Developing nations like Ecuador are responsible for very few greenhouse gas emissions — Ecuador produces less than 1 percent of the world’s emissions — but they are often the most affected by polluters.
“My motherland Ecuador doesn't really get much attention when it comes to the impact the climate crisis has on vulnerable communities and there is very little education [or] action being taken even within the country,” Keyra explains to Green Matters. “People should care about protecting the planet because they should put themselves in the shoes of the persecuted, of the silenced, of the defenders and realize that they are also human like us, we are humans that empathize when others are hurt and suffering.”

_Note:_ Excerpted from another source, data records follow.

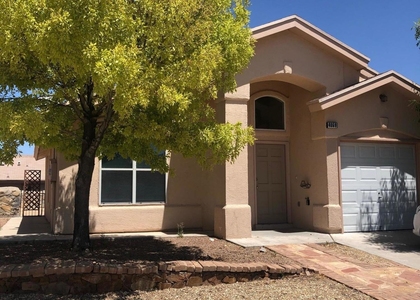 4069 Tierra Venado Drive - Photo 1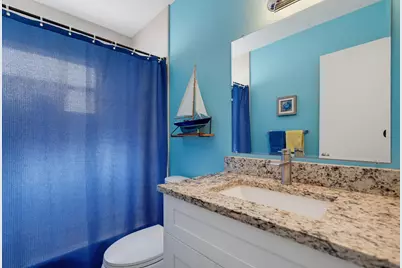 6091 Fair Green Road, West Palm Beach, FL 33417 - Photo 20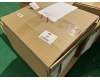 Lenovo Sycamore UK-Slovenian KB;grey;UCJ pour Lenovo Idea Tab (ZAFR)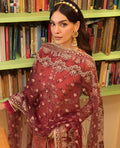 Xenia Formals | Raahi Luxury Formals | MARIE - House Of Hania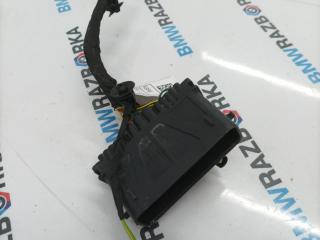 разъем (фишка) проводки BMW X3 G45 2025, 2.0 л., B48B20P, бензин, АКПП, c4f, внедорожник 5 дв., полный привод, 9825033
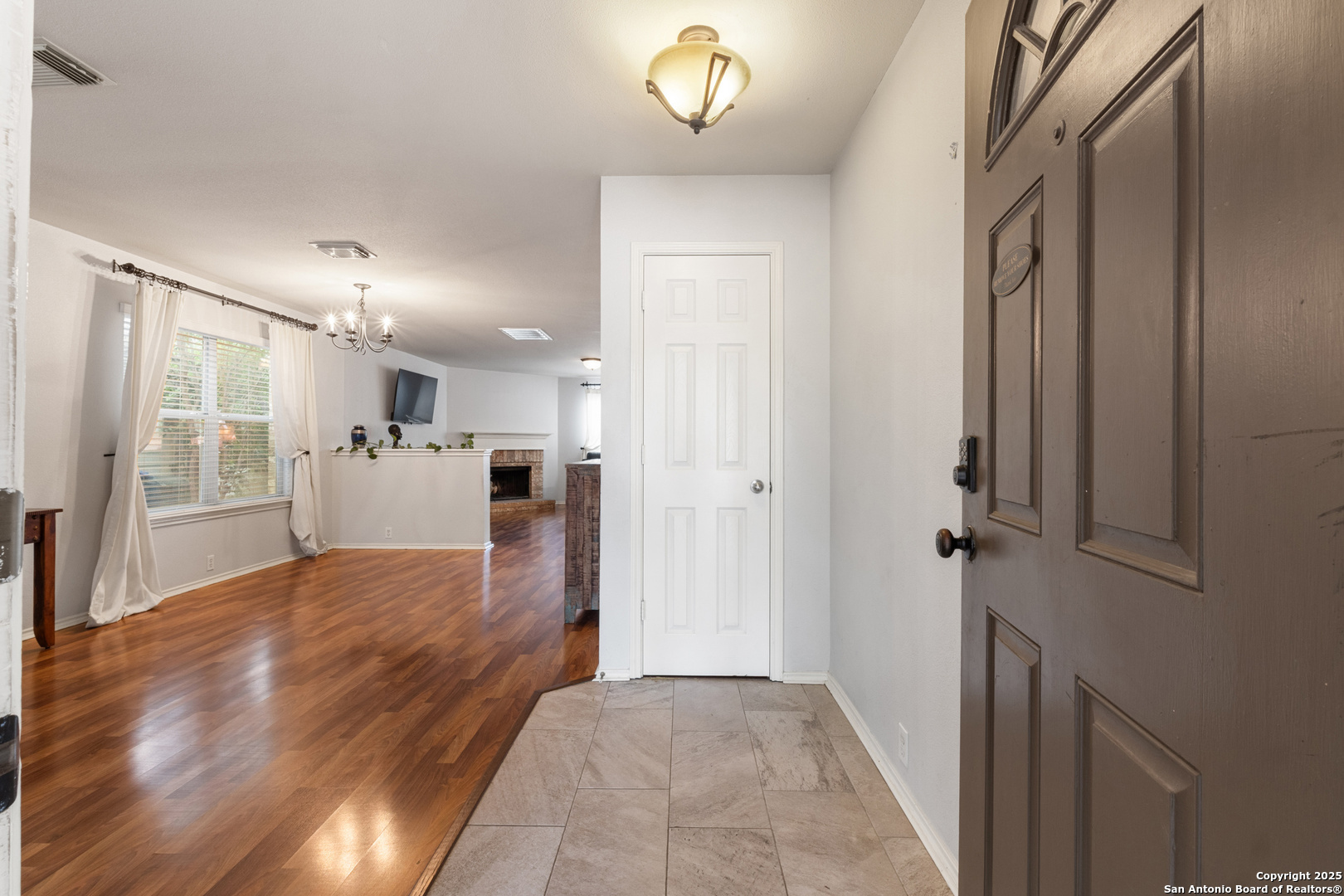 Property Photo: 20502 Blue Trinity TX 78259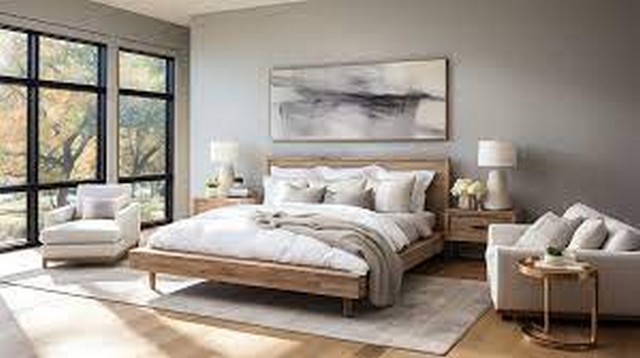 เช่าคอนโด พร้อมวิวสวย360 องศาและสระว่ายน้ำ เจ้าของปล่อยเอง ด่วนๆๆๆๆๆๆราคา20000คอนโด ต.xxxxxx อ.xxxxx จ.xxxxxเนื้อที่ 1งานกว่า ราคา 10 ลบ. ห้องนอน3 ห้อง ห้องนั่งเล่น 1 ห้อง ห้องน้ำ 2 ห้อง ห้องครัวอลังการ ห้องแม่บ้าน ใกล้xxxxxxx 150 เมตรใกล้เซเว่น 600 เมตรใกล้โครงการ xxxxxx 100 เมตร-สระว่ายน้ำ -ห้องสวีท2ห้อง ห้องแสตนด์ดาด 2 ห้อง -ห้องน้ำ 3 ห้อง -ห้องครัวอลังการ -ห้องนอนสวย-วิวดาดฟ้าซีวิว+เมาเท็นวิว 360 อง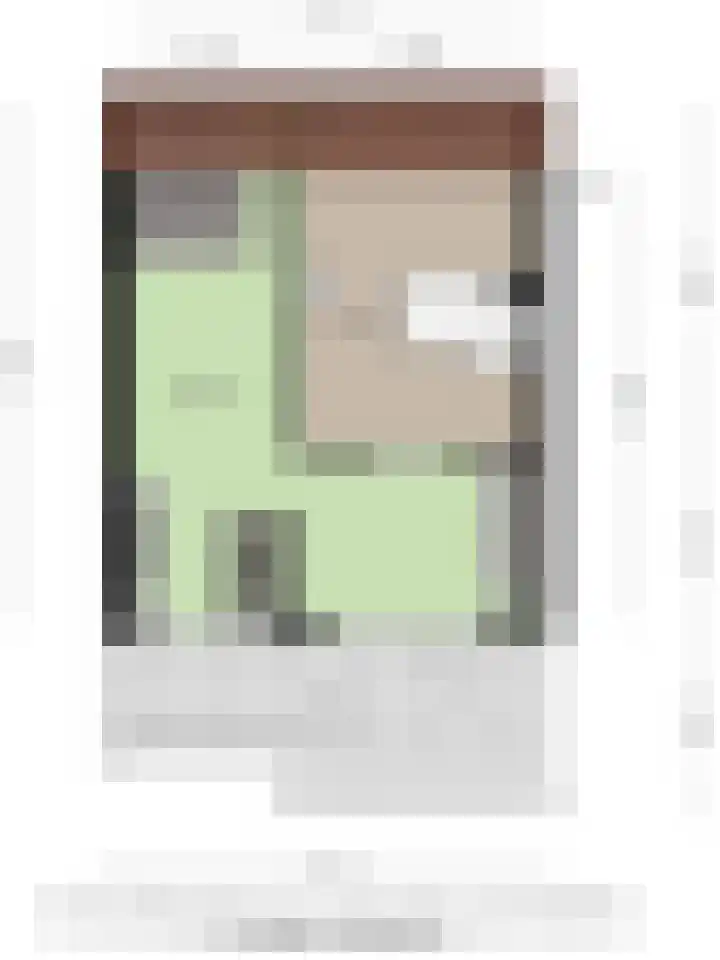 Paddestoelenlaan 65 Veenendaal thumbnail 43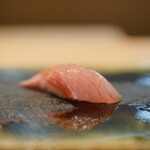 User's review image for 3110NZ by LDH Kitchen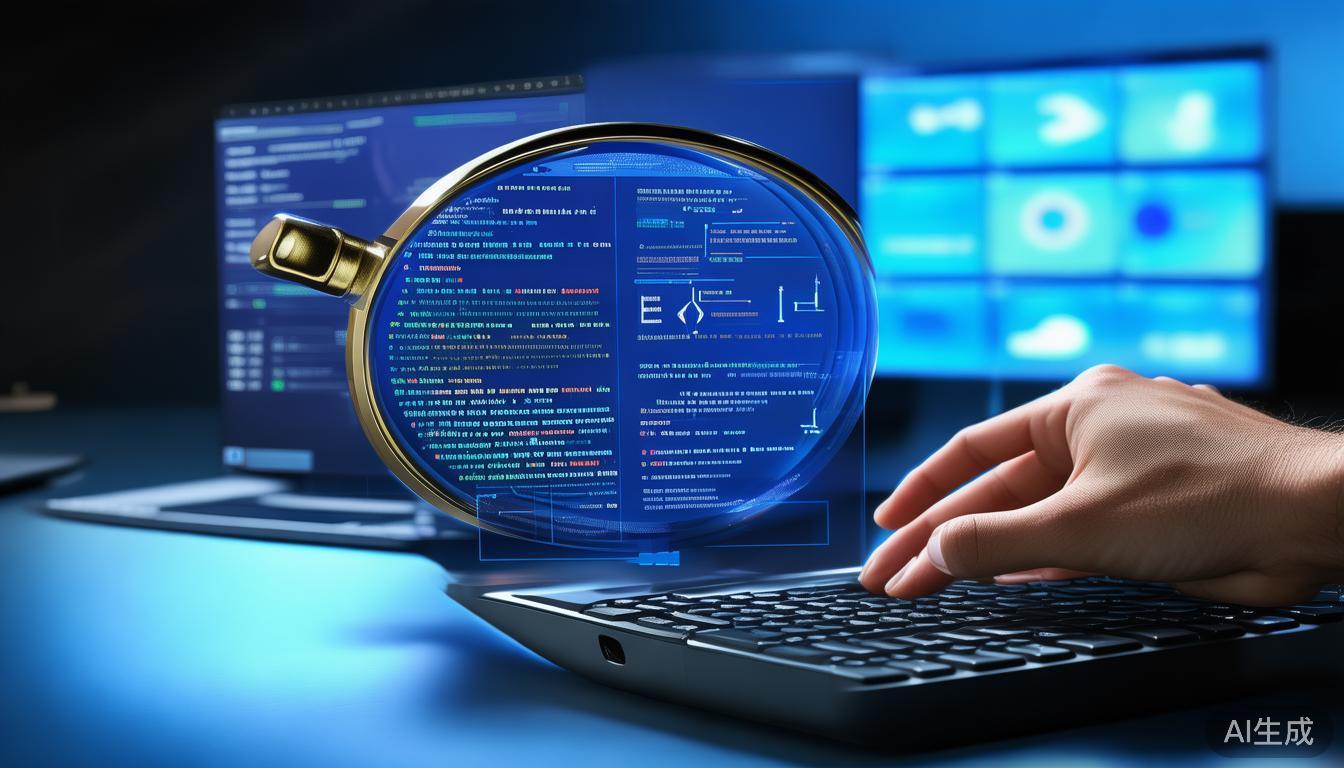 TP官方正版下载对信息安全行业意义_TP官方正版下载对信息安全行业意义_TP官方正版下载对信息安全行业意义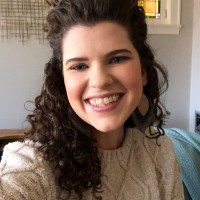 Abigail Goldsmith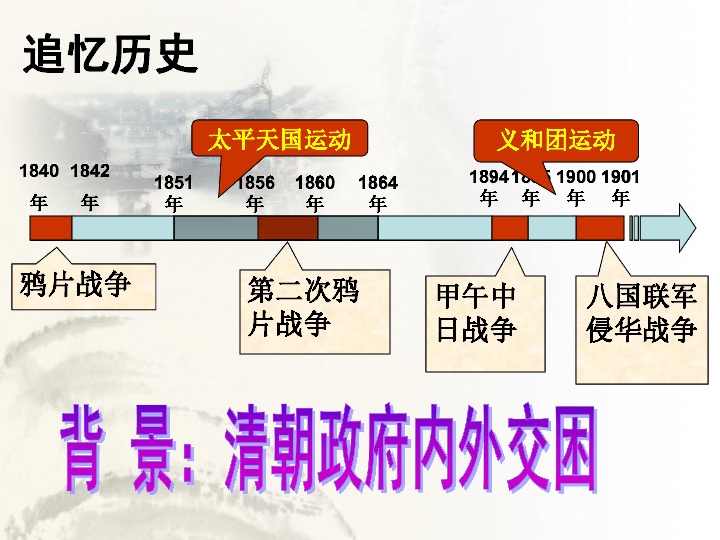 d955e410dee12b1649c87e63cf93a484.png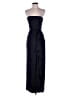 BCBGMAXAZRIA Black Cocktail Dress Size XS (estimated) - photo 1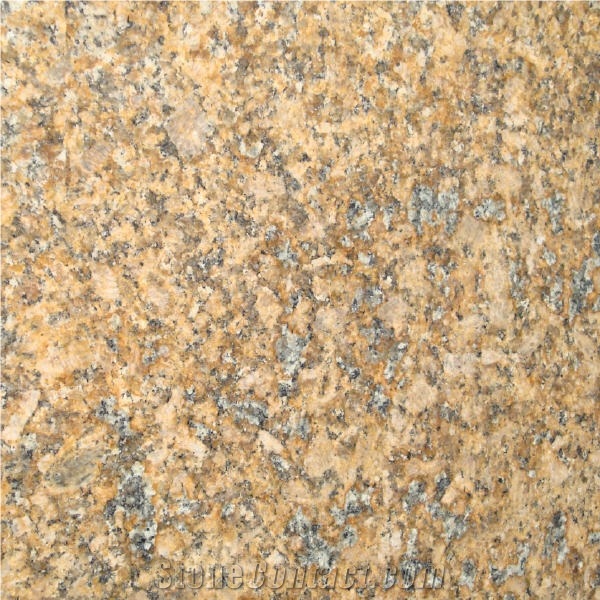 Toffee Granite Tile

To be an effective activist, Keyra has found that intersectionality in the movement for climate justice is critical.
“As an advocate for climate change and rights for Indigenous people and people of color, I believe it is absolutely crucial that climate activism becomes an intersectional movement,” the 17-year-old says. “People, capitalism, our government, eco-friendly technology, Indigenous sovereignty, and frontline communities go hand in hand in this climate movement, and refusing to acknowledge these factors defeats the purpose of being an activist.”
This article is part of Green Matters' 2020 Earth Day campaign, #HomeSweetEarth, which aims to remind readers that the one thing we all have in common during this hectic time is our home: our shared home, planet Earth. We hope our stories this week will inspire you to connect with and honor the Earth during the pandemic — and beyond.